Exercise brief: Write out again, exactly, the lines below starting at the one with "a living room" and ending at the one with "제주도 렌터카 비용 가격 할인 비교".

Records to use:
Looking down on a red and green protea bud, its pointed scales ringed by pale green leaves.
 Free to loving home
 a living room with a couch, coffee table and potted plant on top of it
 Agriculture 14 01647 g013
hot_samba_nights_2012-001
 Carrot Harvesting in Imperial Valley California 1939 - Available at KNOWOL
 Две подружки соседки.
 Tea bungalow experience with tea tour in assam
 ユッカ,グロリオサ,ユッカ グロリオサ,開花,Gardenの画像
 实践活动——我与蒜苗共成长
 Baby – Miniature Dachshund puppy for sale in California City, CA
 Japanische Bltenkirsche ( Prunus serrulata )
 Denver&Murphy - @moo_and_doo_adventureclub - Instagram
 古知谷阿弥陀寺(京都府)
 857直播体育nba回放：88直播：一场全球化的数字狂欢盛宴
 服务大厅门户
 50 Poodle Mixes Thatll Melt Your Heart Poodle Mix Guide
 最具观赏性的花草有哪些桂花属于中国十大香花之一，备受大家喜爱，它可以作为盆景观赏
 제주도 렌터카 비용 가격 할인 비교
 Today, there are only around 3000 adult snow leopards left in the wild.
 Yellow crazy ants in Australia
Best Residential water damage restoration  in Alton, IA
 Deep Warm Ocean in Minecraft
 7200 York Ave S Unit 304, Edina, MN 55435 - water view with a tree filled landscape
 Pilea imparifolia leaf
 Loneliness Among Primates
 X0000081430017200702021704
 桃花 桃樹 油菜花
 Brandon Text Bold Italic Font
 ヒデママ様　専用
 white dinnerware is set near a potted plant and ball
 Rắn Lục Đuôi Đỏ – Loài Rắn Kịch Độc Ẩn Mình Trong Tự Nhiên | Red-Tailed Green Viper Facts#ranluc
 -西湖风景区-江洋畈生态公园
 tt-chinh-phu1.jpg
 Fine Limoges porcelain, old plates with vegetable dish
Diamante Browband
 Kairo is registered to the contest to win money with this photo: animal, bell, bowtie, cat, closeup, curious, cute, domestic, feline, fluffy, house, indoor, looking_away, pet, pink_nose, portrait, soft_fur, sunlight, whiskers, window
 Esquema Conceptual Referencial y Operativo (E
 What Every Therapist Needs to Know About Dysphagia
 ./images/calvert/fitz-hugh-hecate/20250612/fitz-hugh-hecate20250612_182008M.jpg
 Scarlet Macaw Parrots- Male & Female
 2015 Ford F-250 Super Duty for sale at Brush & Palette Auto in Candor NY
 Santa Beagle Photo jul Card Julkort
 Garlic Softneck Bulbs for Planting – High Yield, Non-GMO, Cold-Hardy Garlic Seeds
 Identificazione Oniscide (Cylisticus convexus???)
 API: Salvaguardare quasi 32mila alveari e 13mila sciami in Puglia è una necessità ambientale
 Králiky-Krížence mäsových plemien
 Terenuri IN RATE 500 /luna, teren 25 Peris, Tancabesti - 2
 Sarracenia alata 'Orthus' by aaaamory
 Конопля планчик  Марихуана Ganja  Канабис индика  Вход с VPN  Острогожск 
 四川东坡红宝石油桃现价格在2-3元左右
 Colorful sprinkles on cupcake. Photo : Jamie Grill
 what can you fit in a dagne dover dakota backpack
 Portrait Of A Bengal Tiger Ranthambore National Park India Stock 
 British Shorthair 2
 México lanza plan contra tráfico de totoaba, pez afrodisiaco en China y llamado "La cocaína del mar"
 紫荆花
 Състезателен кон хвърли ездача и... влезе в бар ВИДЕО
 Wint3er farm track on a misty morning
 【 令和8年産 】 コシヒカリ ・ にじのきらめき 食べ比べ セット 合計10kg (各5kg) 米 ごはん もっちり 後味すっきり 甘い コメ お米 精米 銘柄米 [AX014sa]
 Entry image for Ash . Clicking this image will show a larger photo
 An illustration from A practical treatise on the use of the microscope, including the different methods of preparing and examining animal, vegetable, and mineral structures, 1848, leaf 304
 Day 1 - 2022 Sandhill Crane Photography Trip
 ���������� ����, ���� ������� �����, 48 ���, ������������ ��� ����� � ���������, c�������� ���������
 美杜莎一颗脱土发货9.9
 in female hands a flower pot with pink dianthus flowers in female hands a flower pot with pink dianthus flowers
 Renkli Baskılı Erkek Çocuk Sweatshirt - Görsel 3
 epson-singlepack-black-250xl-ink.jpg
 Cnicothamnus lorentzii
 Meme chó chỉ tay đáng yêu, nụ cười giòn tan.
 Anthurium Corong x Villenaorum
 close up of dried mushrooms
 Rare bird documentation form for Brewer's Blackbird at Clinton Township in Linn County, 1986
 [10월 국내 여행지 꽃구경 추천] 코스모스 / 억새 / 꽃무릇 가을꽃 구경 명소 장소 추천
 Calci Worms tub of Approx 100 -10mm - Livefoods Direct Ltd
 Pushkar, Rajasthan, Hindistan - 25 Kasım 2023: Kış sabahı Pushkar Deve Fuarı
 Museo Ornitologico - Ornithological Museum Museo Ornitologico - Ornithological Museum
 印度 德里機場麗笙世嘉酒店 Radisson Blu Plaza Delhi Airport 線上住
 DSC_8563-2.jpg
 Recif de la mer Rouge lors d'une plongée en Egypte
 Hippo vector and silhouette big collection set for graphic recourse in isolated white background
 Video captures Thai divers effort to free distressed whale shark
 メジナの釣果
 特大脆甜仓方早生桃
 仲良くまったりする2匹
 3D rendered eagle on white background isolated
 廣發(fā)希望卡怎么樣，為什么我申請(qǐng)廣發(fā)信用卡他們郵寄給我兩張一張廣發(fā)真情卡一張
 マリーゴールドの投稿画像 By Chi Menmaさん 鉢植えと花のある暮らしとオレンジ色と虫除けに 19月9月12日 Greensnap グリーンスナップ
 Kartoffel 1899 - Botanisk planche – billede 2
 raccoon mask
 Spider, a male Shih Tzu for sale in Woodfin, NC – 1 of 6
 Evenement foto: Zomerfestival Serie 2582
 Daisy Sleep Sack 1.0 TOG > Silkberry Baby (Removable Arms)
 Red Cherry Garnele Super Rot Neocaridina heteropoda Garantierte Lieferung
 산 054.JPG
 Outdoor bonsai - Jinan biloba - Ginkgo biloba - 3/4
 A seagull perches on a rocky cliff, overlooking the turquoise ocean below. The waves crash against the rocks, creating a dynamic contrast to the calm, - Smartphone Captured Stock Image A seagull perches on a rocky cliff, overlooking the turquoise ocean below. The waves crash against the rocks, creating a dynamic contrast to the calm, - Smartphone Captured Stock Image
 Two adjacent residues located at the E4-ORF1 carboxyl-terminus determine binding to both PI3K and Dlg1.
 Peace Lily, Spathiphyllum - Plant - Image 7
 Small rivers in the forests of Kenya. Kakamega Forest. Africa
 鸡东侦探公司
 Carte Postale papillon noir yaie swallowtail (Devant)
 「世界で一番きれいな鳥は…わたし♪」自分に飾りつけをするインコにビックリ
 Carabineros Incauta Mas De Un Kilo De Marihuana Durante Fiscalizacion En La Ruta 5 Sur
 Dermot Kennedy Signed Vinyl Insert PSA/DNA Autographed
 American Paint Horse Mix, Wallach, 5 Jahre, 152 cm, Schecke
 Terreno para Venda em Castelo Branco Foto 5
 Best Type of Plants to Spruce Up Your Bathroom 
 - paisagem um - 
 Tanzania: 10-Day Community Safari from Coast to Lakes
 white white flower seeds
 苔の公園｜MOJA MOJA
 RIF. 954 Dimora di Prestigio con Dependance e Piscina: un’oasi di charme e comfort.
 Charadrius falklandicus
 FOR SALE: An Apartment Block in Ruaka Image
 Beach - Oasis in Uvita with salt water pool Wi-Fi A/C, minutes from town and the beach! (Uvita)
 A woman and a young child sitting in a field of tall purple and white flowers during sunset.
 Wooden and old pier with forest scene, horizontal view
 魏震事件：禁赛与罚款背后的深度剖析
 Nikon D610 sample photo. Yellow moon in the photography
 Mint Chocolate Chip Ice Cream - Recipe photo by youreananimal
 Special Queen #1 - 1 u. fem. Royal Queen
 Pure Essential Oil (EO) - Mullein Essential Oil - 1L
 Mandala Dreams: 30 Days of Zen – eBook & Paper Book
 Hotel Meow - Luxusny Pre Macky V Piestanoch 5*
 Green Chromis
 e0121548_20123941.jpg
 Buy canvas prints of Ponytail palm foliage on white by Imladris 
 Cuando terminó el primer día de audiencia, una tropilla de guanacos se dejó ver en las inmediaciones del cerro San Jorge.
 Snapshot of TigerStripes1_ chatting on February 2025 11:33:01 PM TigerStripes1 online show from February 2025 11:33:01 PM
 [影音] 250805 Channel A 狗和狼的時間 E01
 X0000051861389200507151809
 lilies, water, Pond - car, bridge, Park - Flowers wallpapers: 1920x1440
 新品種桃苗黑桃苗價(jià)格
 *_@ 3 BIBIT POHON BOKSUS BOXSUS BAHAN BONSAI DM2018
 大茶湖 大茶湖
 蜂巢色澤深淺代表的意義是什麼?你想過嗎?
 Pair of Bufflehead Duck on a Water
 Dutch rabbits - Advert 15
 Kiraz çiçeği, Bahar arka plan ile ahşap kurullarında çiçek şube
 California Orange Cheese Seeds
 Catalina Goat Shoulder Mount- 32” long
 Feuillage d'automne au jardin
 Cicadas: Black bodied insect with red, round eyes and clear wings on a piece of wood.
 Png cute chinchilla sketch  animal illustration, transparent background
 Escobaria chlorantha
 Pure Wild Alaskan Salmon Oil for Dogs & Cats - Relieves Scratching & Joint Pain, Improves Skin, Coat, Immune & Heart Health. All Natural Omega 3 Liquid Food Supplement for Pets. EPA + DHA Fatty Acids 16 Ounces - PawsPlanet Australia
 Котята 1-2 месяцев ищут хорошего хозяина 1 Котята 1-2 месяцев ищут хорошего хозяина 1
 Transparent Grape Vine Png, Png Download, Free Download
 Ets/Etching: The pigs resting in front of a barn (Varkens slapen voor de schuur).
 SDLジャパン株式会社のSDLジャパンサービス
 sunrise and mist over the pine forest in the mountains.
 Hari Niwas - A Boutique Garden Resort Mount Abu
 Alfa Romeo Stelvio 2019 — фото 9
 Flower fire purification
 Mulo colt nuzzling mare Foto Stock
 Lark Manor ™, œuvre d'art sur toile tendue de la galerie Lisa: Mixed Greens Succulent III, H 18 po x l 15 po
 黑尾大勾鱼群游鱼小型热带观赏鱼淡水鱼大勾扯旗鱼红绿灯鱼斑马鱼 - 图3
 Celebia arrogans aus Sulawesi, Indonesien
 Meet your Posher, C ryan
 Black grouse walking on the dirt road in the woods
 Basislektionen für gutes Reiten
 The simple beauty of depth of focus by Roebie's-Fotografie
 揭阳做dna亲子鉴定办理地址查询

Solution below:
 a living room with a couch, coffee table and potted plant on top of it
 Agriculture 14 01647 g013
hot_samba_nights_2012-001
 Carrot Harvesting in Imperial Valley California 1939 - Available at KNOWOL
 Две подружки соседки.
 Tea bungalow experience with tea tour in assam
 ユッカ,グロリオサ,ユッカ グロリオサ,開花,Gardenの画像
 实践活动——我与蒜苗共成长
 Baby – Miniature Dachshund puppy for sale in California City, CA
 Japanische Bltenkirsche ( Prunus serrulata )
 Denver&Murphy - @moo_and_doo_adventureclub - Instagram
 古知谷阿弥陀寺(京都府)
 857直播体育nba回放：88直播：一场全球化的数字狂欢盛宴
 服务大厅门户
 50 Poodle Mixes Thatll Melt Your Heart Poodle Mix Guide
 最具观赏性的花草有哪些桂花属于中国十大香花之一，备受大家喜爱，它可以作为盆景观赏
 제주도 렌터카 비용 가격 할인 비교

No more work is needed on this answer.